Exercise input
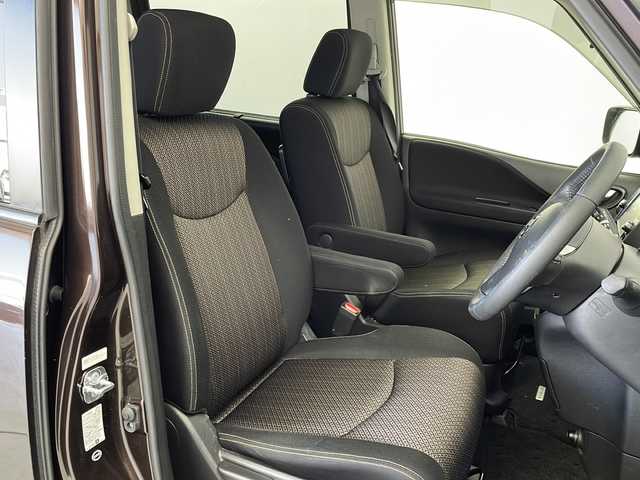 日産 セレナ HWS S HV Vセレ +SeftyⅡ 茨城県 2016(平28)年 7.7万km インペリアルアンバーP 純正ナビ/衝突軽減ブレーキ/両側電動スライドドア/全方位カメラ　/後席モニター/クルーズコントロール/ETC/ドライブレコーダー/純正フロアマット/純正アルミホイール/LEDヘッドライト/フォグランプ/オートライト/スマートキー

==

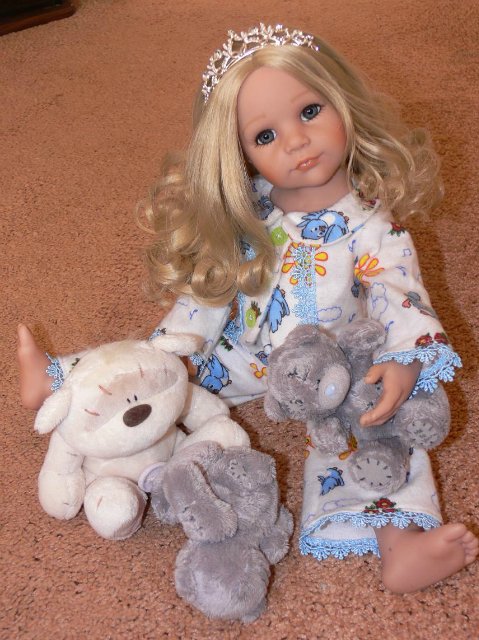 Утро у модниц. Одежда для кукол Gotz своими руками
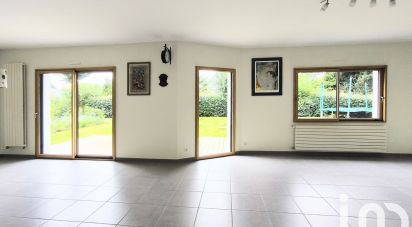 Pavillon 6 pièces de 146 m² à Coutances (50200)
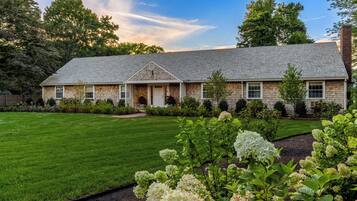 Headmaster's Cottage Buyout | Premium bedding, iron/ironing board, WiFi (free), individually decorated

What the task asks
Could you transcribe exactly the entries above, but only the lines from the one with "Pavillon 6 pièces" through the one with "Headmaster's Cottage Buyout", and without pictures?

Answer for this exercise
 Pavillon 6 pièces de 146 m² à Coutances (50200)
 Headmaster's Cottage Buyout | Premium bedding, iron/ironing board, WiFi (free), individually decorated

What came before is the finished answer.